Thread: Precision loss casting float to numeric

Precision loss casting float to numeric

From
Chapman Flack
Date:
Back in

https://www.postgresql.org/message-id/4e384467-f28a-69ce-
75aa-4bc01125a39d%40anastigmatix.net

I got intrigued about casting float values to numeric. Two queries below
(one for float4, one for float8) show what happens for float values with
bits of precision from one up to the limit of the data type. Each value
generated has two 1 bits in the mantissa, one always at 2^0 and the other
at 2^(-p) for increasing p; in other words, each value is the sum of 1 and
2^(-p), and the last such value that compares unequal to 1 is the value
1 plus (FLT_EPSILON or DBL_EPSILON, respectively, for the machine). The
next value generated that way would be indistinguishable from 1.

I'm testing on Intel, IEEE-754 hardware, with 24 bits of precision for
float4 and 53 bits for float8.

TL;DR: casting these values to numeric loses their distinguishability
from 1, six bits early for float4 and five bits early for float8. Casting
to numeric and back again is even worse: you get only six of your 24 bits
back for float4, only 15 of 53 for float8.

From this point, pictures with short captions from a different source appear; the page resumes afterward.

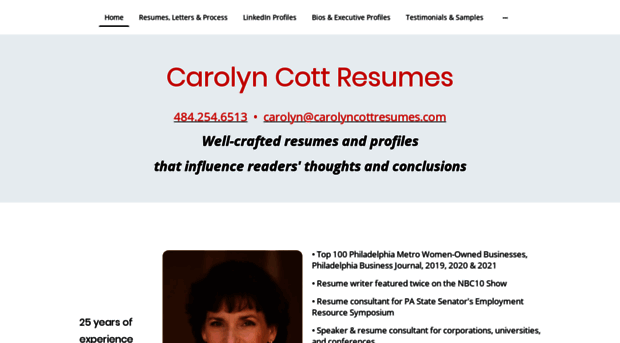 carolyncottresumes.com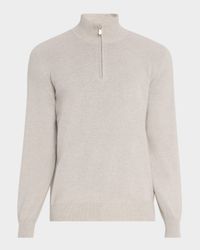 Men's Cashmere Half-Zip Sweater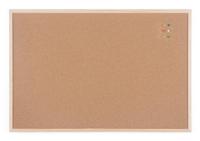 Bi-Office kurkbord met houten kader, ft 90 x 60 cm - thumbnail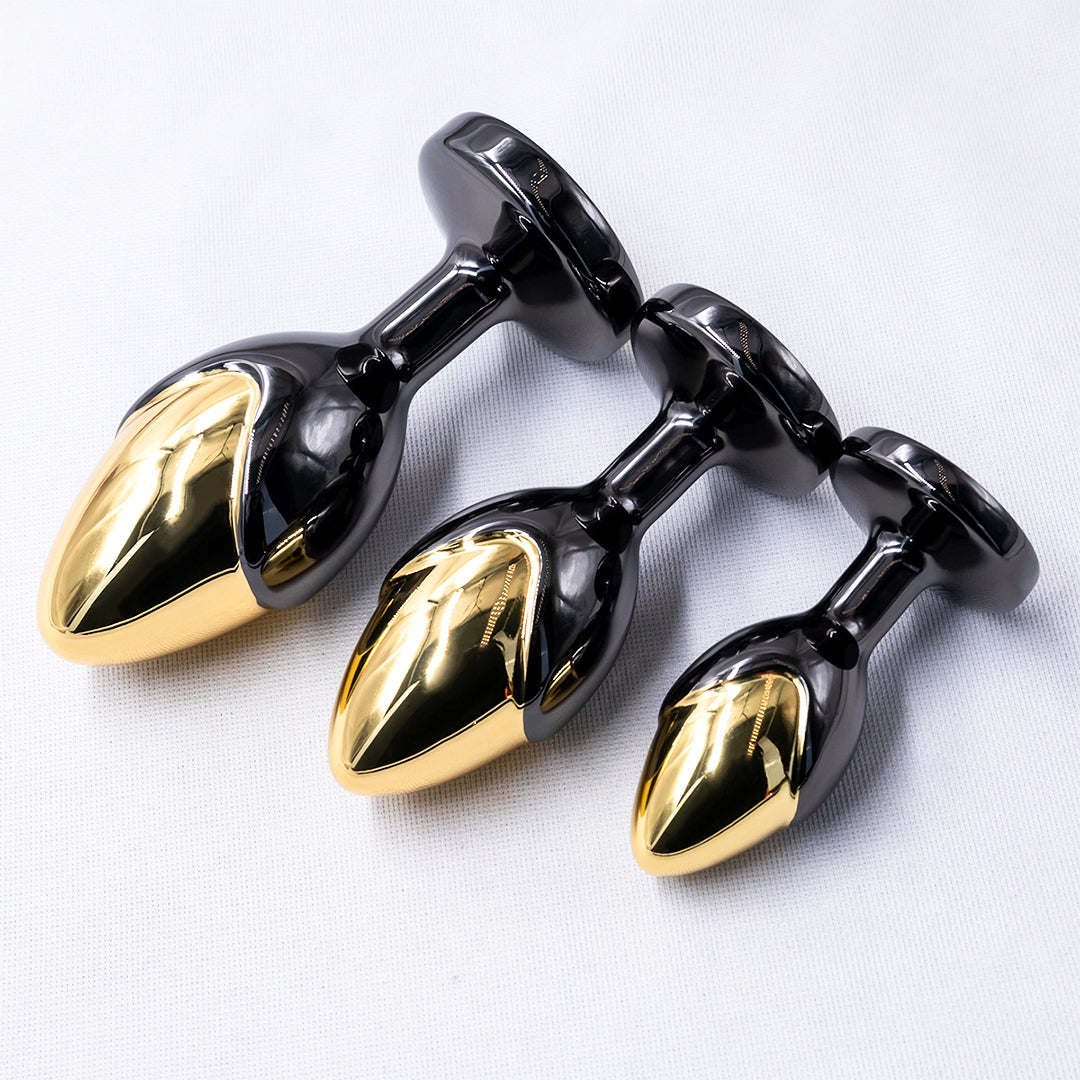 Niello Metal Butt Plug Set (3 Piece)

Everyone expects the floats to be approximate types and that they
won't be able to exactly represent arbitrary values. However, that's
not how numeric is advertised, and the idea that a numeric can't safely
keep the precision of a float4 or float8, and give it back when you ask,
at best violates least astonishment and arguably is a bug.

I see where at least the first problem (5 or 6 bits lost casting to
numeric) comes in:


https://git.postgresql.org/gitweb/?p=postgresql.git;a=blob;f=src/backend/utils/adt/numeric.c;h=6f400729713bfd942cc196b81d50bf25e4757315;hb=c4ba1bee68abe217e441fb81343e5f9e9e2a5353#l3298


https://git.postgresql.org/gitweb/?p=postgresql.git;a=blob;f=src/backend/utils/adt/numeric.c;h=6f400729713bfd942cc196b81d50bf25e4757315;hb=c4ba1bee68abe217e441fb81343e5f9e9e2a5353#l3227

These conversions work by sprintf of the float value to its text
representation with FLT_DIG or DBL_DIG decimal digits of precision.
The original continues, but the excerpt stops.